┏━━

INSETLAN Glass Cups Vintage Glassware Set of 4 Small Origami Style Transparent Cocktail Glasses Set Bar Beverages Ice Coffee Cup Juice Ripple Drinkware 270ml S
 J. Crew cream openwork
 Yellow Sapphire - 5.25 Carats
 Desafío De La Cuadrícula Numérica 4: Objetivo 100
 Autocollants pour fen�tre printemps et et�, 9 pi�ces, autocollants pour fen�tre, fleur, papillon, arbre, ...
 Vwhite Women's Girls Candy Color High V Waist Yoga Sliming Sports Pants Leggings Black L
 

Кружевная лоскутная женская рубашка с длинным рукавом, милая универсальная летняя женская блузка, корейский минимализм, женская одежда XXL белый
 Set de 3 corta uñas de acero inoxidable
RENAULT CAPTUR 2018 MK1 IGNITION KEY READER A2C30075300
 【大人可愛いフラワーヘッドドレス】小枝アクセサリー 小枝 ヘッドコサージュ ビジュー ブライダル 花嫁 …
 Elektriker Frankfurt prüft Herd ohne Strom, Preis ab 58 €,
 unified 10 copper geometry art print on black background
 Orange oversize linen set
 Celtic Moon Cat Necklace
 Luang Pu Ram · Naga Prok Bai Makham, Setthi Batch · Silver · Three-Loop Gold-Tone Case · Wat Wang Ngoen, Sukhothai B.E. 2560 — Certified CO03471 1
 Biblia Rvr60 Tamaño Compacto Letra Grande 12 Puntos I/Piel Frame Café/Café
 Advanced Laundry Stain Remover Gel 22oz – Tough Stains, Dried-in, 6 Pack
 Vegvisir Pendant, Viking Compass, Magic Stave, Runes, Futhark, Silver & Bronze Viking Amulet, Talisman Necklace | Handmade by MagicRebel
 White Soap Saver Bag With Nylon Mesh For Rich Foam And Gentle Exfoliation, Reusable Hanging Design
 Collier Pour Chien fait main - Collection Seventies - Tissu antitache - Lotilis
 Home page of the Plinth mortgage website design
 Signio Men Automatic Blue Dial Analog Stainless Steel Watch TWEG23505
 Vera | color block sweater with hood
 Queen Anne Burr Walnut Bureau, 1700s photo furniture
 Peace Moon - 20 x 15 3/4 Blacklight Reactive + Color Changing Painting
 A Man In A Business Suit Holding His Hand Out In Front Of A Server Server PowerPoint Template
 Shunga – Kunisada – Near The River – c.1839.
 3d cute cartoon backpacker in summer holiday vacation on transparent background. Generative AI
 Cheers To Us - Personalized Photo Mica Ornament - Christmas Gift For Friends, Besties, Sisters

┗━━

Task to carry out
Start at the first line of the material. Reproduce every line exactly, ending with the line that holds "Vwhite Women's Girls".

Result of the exercise
INSETLAN Glass Cups Vintage Glassware Set of 4 Small Origami Style Transparent Cocktail Glasses Set Bar Beverages Ice Coffee Cup Juice Ripple Drinkware 270ml S
 J. Crew cream openwork
 Yellow Sapphire - 5.25 Carats
 Desafío De La Cuadrícula Numérica 4: Objetivo 100
 Autocollants pour fen�tre printemps et et�, 9 pi�ces, autocollants pour fen�tre, fleur, papillon, arbre, ...
 Vwhite Women's Girls Candy Color High V Waist Yoga Sliming Sports Pants Leggings Black L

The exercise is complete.